Open tracker1 opened 3 years ago
Aside, I've been doing a simple project, with version scripts via Node.js for database versions/migrarions, but being able to roll a standalone executable for this would be a really nice feature for me, that deno readily supports.
I don't think we've ever considered providing support for Deno at the moment. If there's a lot of interest in the future, then perhaps? 🤷♂️
I think there is greater demand for this than may be apparent. I consistently hear things like "if Deno supported SQL Server, I'd drop Node for Deno right now". The challenge is many people in the Deno community don't think to look for "tedious"... they think to look for "mssql" or just "sql server". They simply aren't aware there is a project like this one, so you won't hear from them.
Anyhow, I'd be interested in Deno support.
ESM.js does a lot of automatic conversions if you import from there, but it can't polyfill Node's dgram
module which is where it gets hung up right now (gets much farther and just blocks on dns
module if you use the unstable and compat flags).
Deno's FFI is really solid now. I wonder if in the meantime it would be possible to use system libs (.dll/.so) to access ODBC connections.
I just explored using denoify
to create builds for Deno from the existing codebase.
You can check it out on my fork: https://github.com/josh-hemphill/tedious/tree/deno-testing
There's still a couple of libraries/ployfills that are missing a few properties, but I think that's all not too hard to overcome.
Though there's a lot of incompatibility in some of the older or deprecated Node APIs. I think it would help a lot to migrate to some of Node's newer more web-compliant APIs and change the TSC compiler settings to the more ESM-first ones.

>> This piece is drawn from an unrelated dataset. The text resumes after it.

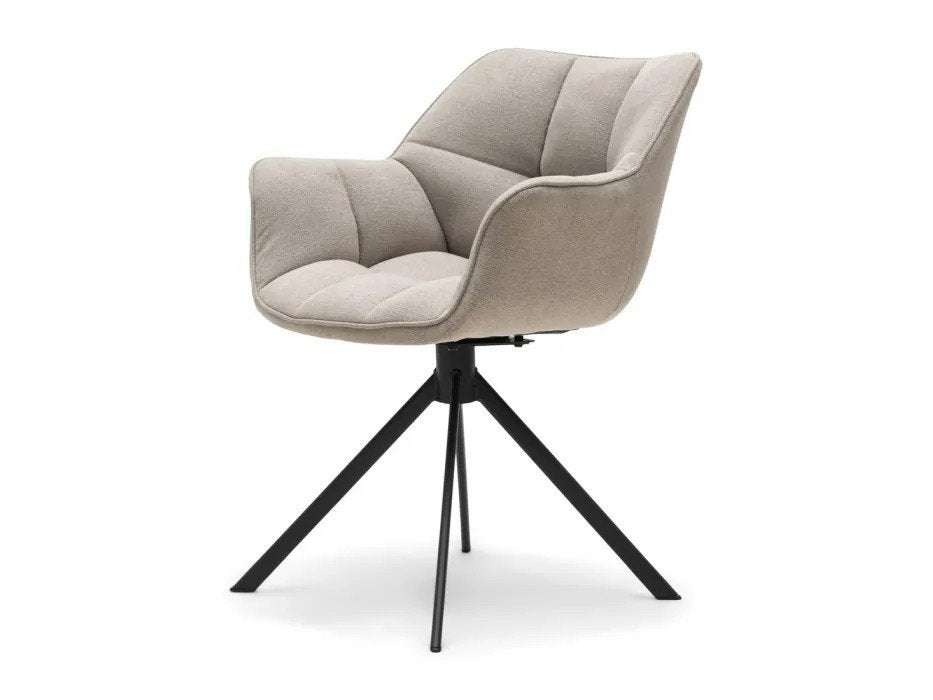 8 x Riviera Maison Carnaby Draaibare eetkamerstoelen, Ophalen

@josh-hemphill I've been thinking that a wasm target, or ffi bridge library to a binary built with rust might be the shortest path... Not sure how good the story is for that... would be nice to see some effort from MS on this, similar for a lot of the Azure client libraries at this point.
Yeah, I might look at that. Deno recently said they're committing to making the Nodejs compat libraries cover most node packages, so we might eventually get the few remaining things resolved for using denoify, but there's still some incompatibility in the usage of deprecated APIs, so maybe a later version of Node may make this Deno compatible just by forcing the removal of deprecated APIs and moving to ESM-first in a lot of things.

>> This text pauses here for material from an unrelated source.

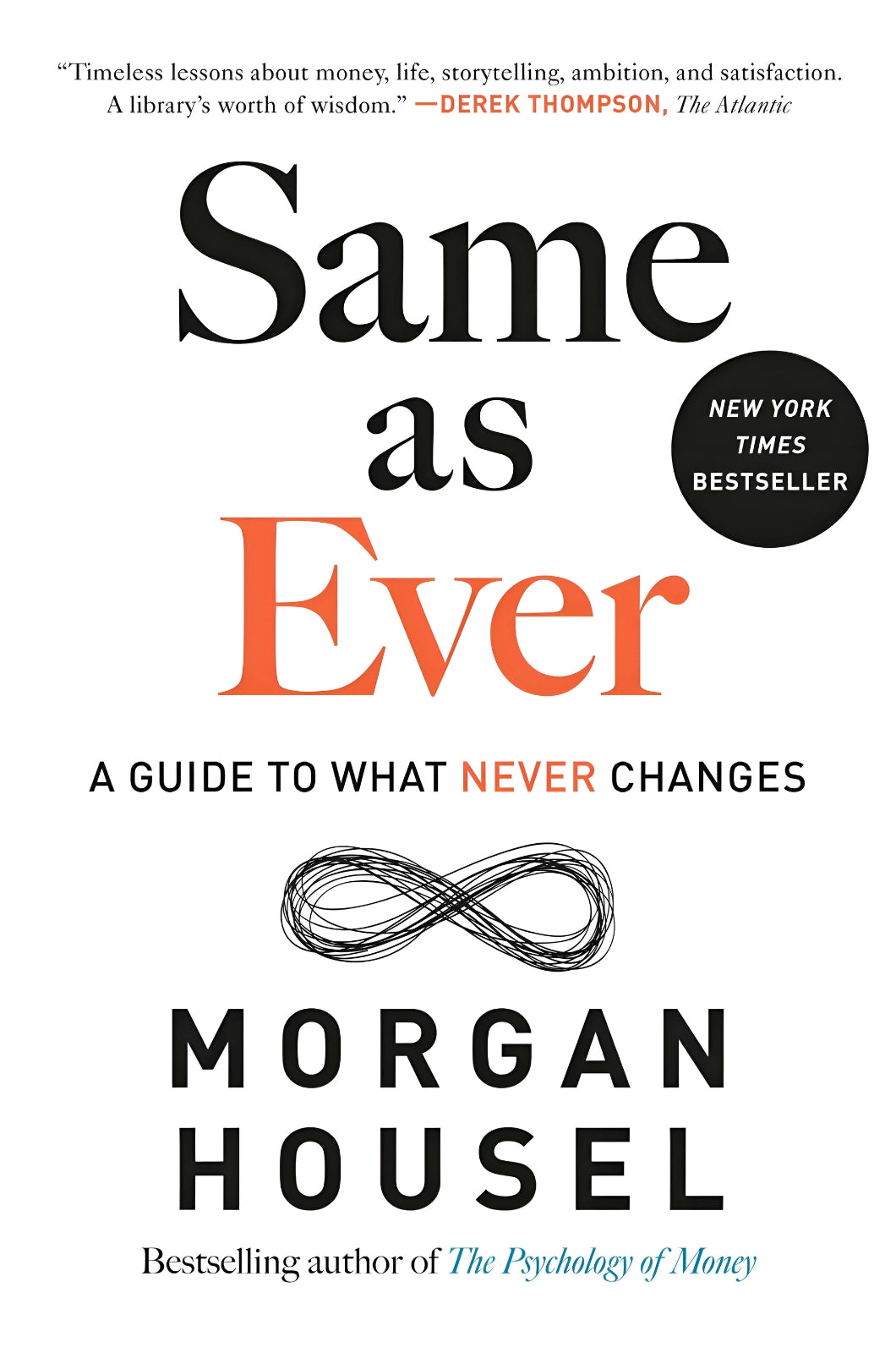 Book cover of 'Same as Ever: A Guide to What Never Changes' by Morgan Housel.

Here is the Deno issue for this: https://github.com/denoland/deno/issues/18303
@mikerobi thanks for the link to the upstream issue... I knew I was finally able to import the npm:mssql module without issue... looks like the starttls for npm compat still needs some work.

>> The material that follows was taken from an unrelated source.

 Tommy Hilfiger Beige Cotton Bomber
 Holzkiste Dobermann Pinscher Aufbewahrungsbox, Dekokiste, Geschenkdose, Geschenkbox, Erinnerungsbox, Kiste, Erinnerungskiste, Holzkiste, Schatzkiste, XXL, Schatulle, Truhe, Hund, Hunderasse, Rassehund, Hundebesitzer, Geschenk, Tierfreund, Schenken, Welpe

I find working with Deno a lot nicer than Node in general, but there's a lot of ground to move to get there for a lot of things. Fortunately, I'm not working with MS-SQL regularly in my current job.
I think there is greater demand for this than may be apparent. I consistently hear things like "if Deno supported SQL Server, I'd drop Node for Deno right now". The challenge is many people in the Deno community don't think to look for "tedious"... they think to look for "mssql" or just "sql server". They simply aren't aware there is a project like this one, so you won't hear from them.
Anyhow, I'd be interested in Deno support.
Totally agree! Ecosystem is fundamental. Look at Java, there're a lot of better/modern languages, but Java has the best ecosystem, so, a lot of companies use it.
Just curious if there's been any consideration or research done to what would be needed to make this library work for Deno.
There's a stack overflow question[1] regarding this, that seems to be related to missing node crypto shims. Not sure if this is even realistically approachable currently, but would be cool if it were.
Mainly looking because I thought it would be nice if nessie[2] could support mssql for migrations.